It is a universally accepted truth that no parent should ever bury their child.
I’m not about to disagree with that because it is true – it is the way life is supposed to go
But what is really never discussed is how painful it is for a child to bury their parent.
My father Jan Hendrik Stander passed away on the 19th of September 2015.
He had a short battle with liver cancer.
He was first hospitalized in May 2015.
He died four months later.
Cancer is not kind. It is not romantic and it isn’t what they make in the movies.

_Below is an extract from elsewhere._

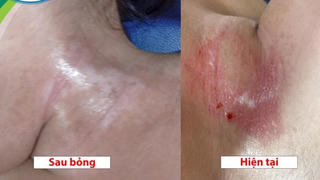 Cảnh báo bỏng hóa chất từ dầu mỡ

There is nothing beautiful about it.
I saw a strong, funny, hyper intelligent man turn into a deathly pale invalid that could not move himself.
Cancer reveals what love is.
But it isn’t this pretty thing that people think.
It’s a painful, maddening love that makes you weep hysterically.
It makes you shake your fist angrily at whatever deity might be listening.
Cancer makes you question religion. I think it is impossible to blindly trust God at times like this.
But cancer makes you also realize what is important – family and a handful of friends.
Earthly possessions holds no value.
My father was a wonderful man – he had a sarcastic sense of humor, and he could be so negative that I could sometimes only laugh. He was incredibly well read and intelligent, he was kind to car guards and to waiters, he had faith that he based on facts and not because he was told to believe.
It is unreal that he is gone – how can life just be wiped away so completely?
I will miss him forever. He was one of the best men I will ever know, and the void in my life feels huge. I know the sadness will fade and that life will move on, but he will always be my father and I will love him to the end of days.